Both Birmingham city commissioners and Bloomfield Township trustees unanimously approved a letter of commitment to include the city of Rochester at their meetings on Monday, June 13.
The Mental Health Co-Response Team, called CoRE, is a partnership between law enforcement and mental health professionals in order to better serve the people in the community suffering from a mental health crisis, Birmingham Police Chief Mark Clemence previously explained to the Birmingham City Commission in a memo, noting that law enforcement “has and continues to be the primary first responders to people in crisis. With CoRE, a mental health clinician co-responds to crisis calls for service in the field with police officers.”
The program is overseen by the Oakland Community Health Network (OCHN), which is the Community Mental Health Service Program and Prepaid Inpatient Health Plan responsible for providing behavioral health services to more than 23,000 individuals with developmental disabilities, mental illness and substance abuse issues in Oakland County.
CoRE was initially funded by a $75,000 grant through the Community Foundation, with a subsequent grant of $265,000 secured through the American Rescue Fund Act, explained Bloomfield Township Police Captain James Gallagher. The expansion to include the city of Rochester will allow the grant to be fully funded, and will begin in September.
“OCHN will be the receiver of the grant.

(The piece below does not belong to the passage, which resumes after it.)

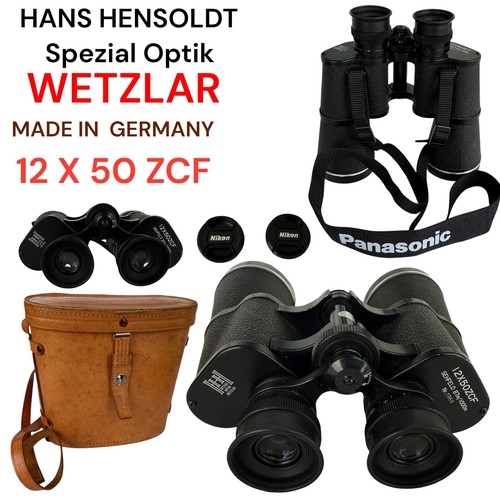 Vintage fernglas binoculars - vintage,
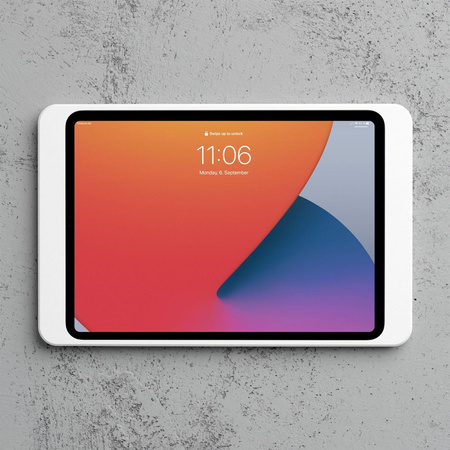 DAME WALL IPAD 11.0 (BIAŁY)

They're very supportive of the program,” Gallagher said.
“The Co-Responder Program is a criminal justice diversion program that pairs law enforcement and behavioral health specialists to intervene and respond to behavioral health-related calls for police service. These teams utilize the combined expertise of the officer and the behavioral health specialist to de-escalate situations and help link individuals with behavioral health issues to appropriate services,” said OCHN in a memo.
Currently, the CoRE co-response team has one dedicated social worker, Hillary Nusbaum, working with it. With the expansion into the city of Rochester, the program will be hiring a second social worker to work with police officers.